INTEREST – BEARING LOAN AGREEMENT

 

FOR VALUE RECEIVED, Interactive Holdings Limited, a Hong Kong corporation (the “Company”) and each other current or future entity, affiliate, subsidiary or associate of the Company (the “Borrower”), hereby promises to pay to Xplosion Incorporated, a Nevada Corporation, (the “Lender”) or its registered assigns or successors in interest, such amount outstanding under this Loan Agreement, of USD $100,000, in lawful money of the Country of the United States together with any accrued and unpaid interest hereon, on January 31, 2017 (the “Maturity Date”) if not sooner paid.

 

The following terms shall apply to this Loan:

 

ARTICLE I INTEREST & AMORTIZATION

 

1.1 Availability. The Borrower hereby acknowledges and agrees that the advance and availability of the loan of $100,000 USD by the Lender to the Borrower which shall be made available by the Lender to the Borrower on or before the end of business on January 31, 2016.

 

1.2 Interest Rate. Interest payable on this Loan shall accrue at a rate per month (the “Interest Rate”) equal to 2% per month during the defined loan term. The interest is due and payable in full on the Maturity Date (and on the Maturity Date). In the event the loan is not paid back by the Maturity Date, then the loan amount will be privy to penalty interest amounts as defined under Sections 4.2 and/or 4.3 of the Agreement hereto.

 

1.3 Currency.
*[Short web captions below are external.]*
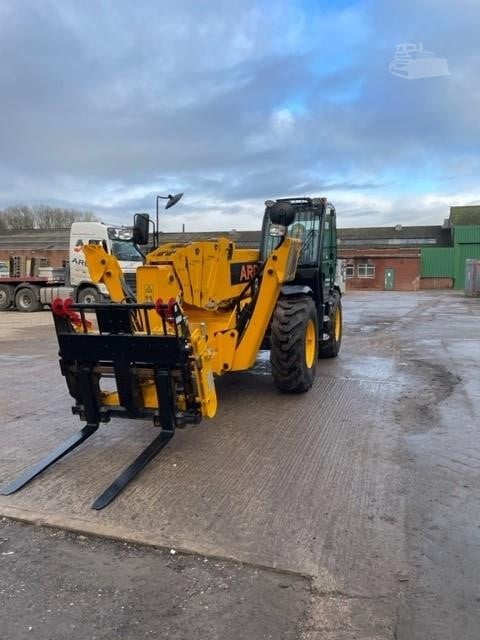 2024 JCB 540-200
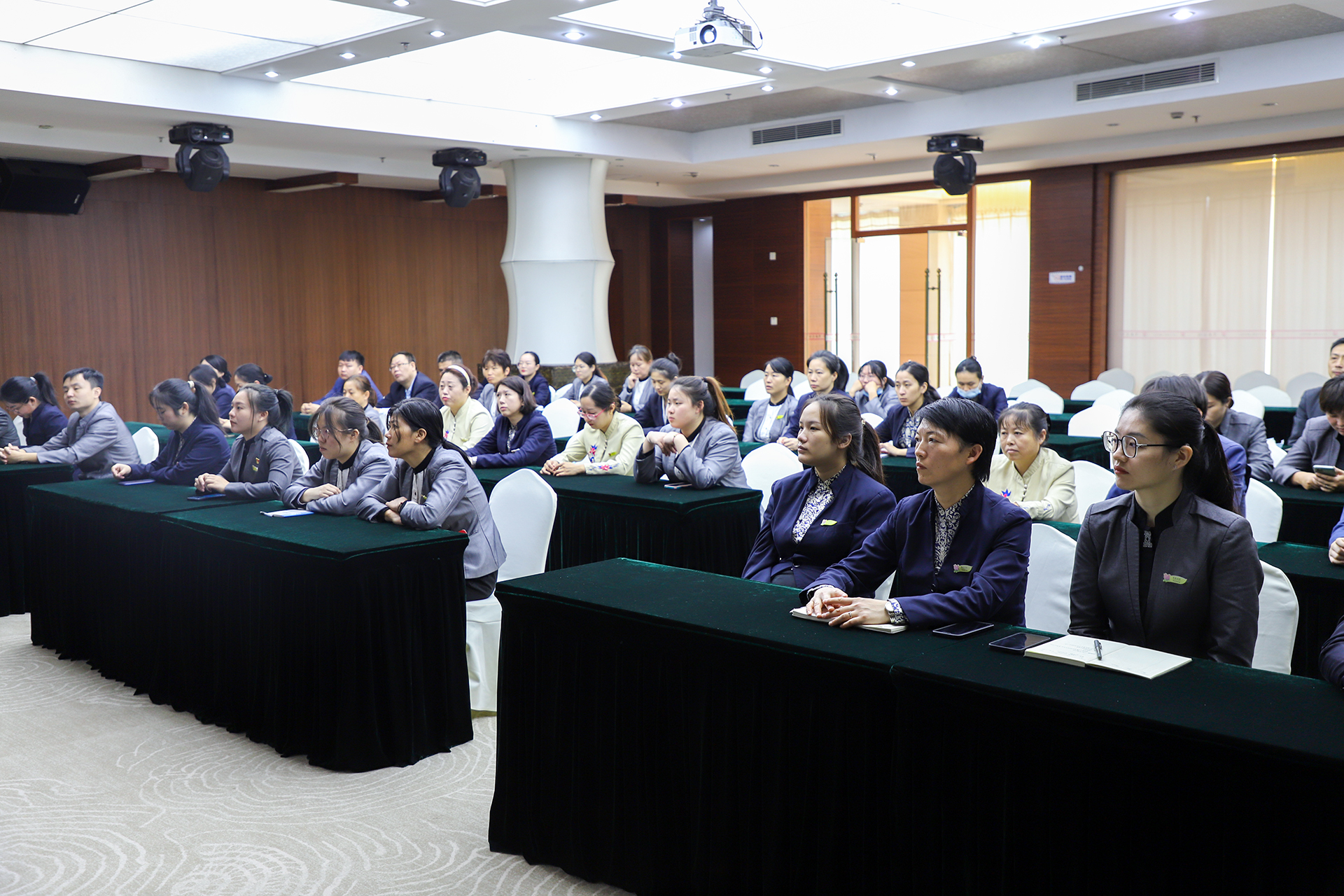 二十大精神基層宣講現(xiàn)場(chǎng).jpg 二十大精神基層宣講現(xiàn)場(chǎng).jpg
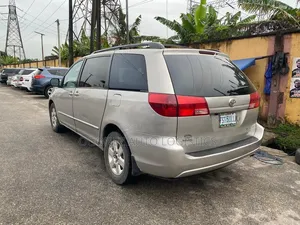 Toyota Sienna LE AWD (3.3L V6 5A) 2004 Silver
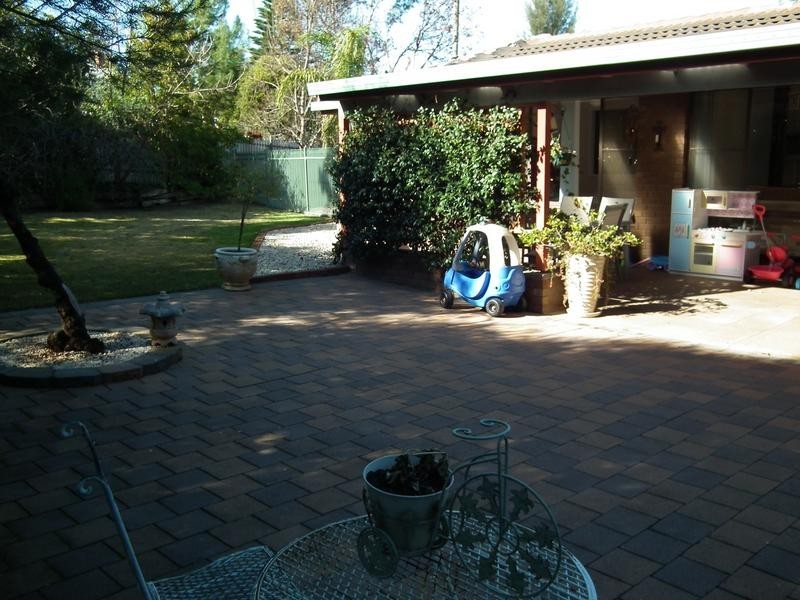 23 Albert Street, Parkes NSW 2870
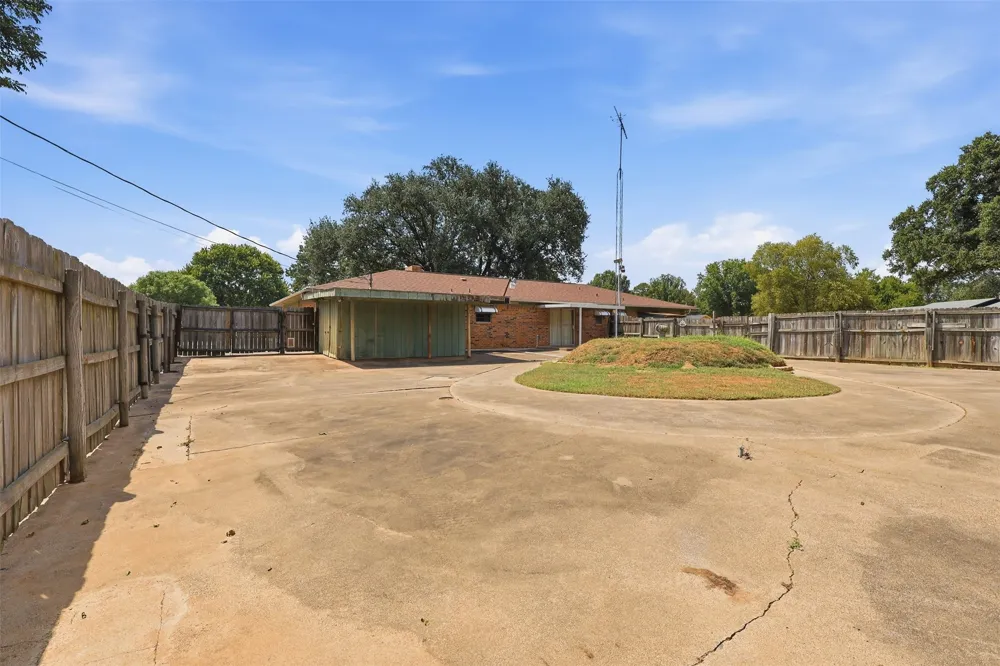 221 County Road 3220 Mt Pleasant, TX 75455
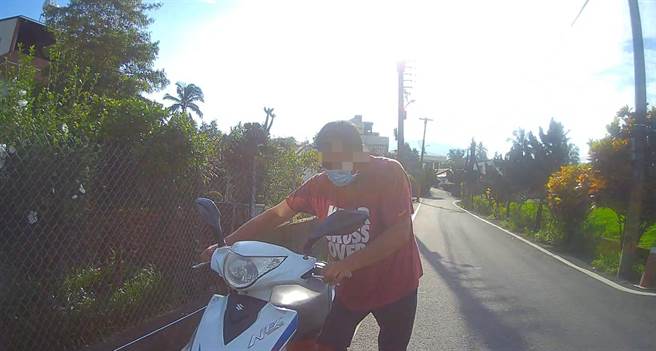 警方日前巡邏發現1名男子豔陽下牽著爆胎的機車步行，上前關心時，男子卻神色慌張說：「不需要協助！」令警方覺得可疑，經查該輛車就是提告女子機車，當場將男子逮捕。(警方提供／林雅惠高雄傳真)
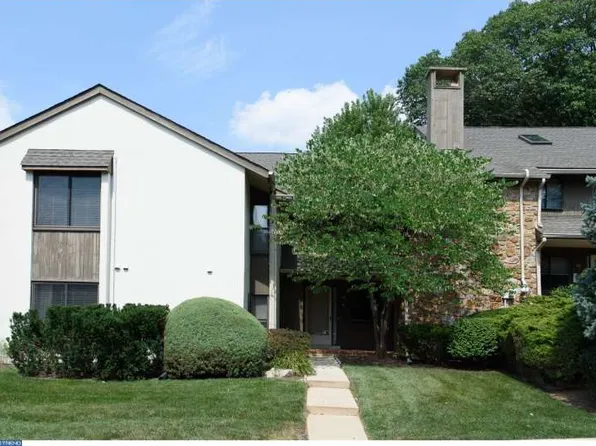 12 Oak Knoll Dr, Berwyn, PA 19312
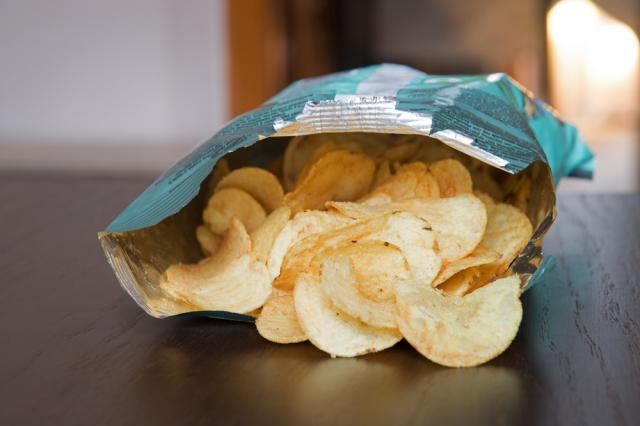 Nem pregador, nem clipes: acabo de descobrir a maneira mais brilhante de lacrar um saco aberto de batatas fritas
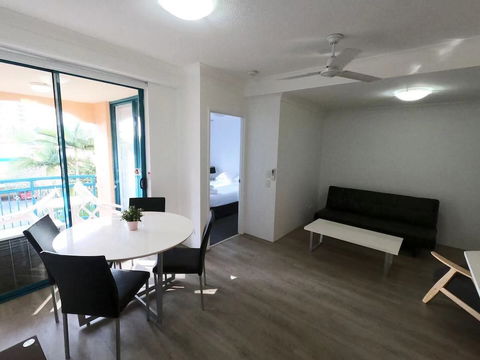 Aruba Surf Resort - Accommodation Gladstone 2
All principal, interest and other amounts owing under this Loan, are paid in cash shall be paid in USD dollars.

 

1.4 Taxes.

 

(a) Any and all payments by the Borrower hereunder, including any amounts received on redemption of the Loan and any amounts on account of interest or deemed interest, shall be made free and clear of and without deduction for any and all present or future taxes, levies, imposts, deductions, charges or withholdings, and all liabilities with respect thereto, excluding taxes imposed on net income or franchise taxes of the Lender by the jurisdiction in which such person is organized or has its principal office (all such non-excluded taxes, levies, imposts, deductions, charges withholdings and liabilities, collectively or individually, “Taxes”). If the Borrower shall be required to deduct any Taxes from or in respect of any sum payable hereunder to the Lender, (i) the sum payable shall be increased by the amount (an “additional amount”) necessary so that after making all required deductions (including deductions applicable to additional sums payable under this Section 1.4) the Lender shall receive an amount equal to the sum it would have received had no such deductions been made, (ii) the Borrower shall make such deductions and (iii) the Borrower shall pay the full amount deducted to the relevant governmental authority in accordance with applicable law.

 

(b) In addition, Borrower agrees to pay to the relevant governmental authority in accordance with applicable law any present or future stamp or documentary taxes or any other excise or property taxes, charges or similar levies that arise from any payment made hereunder or from the execution, delivery or registration of, or otherwise with respect to, this Loan (“Other Taxes”). The Borrower shall deliver to the Lender official receipts, if any, in respect of any Taxes or Other Taxes payable hereunder promptly after payment of such Taxes or Other Taxes or other evidence of payment reasonably acceptable to the Lender.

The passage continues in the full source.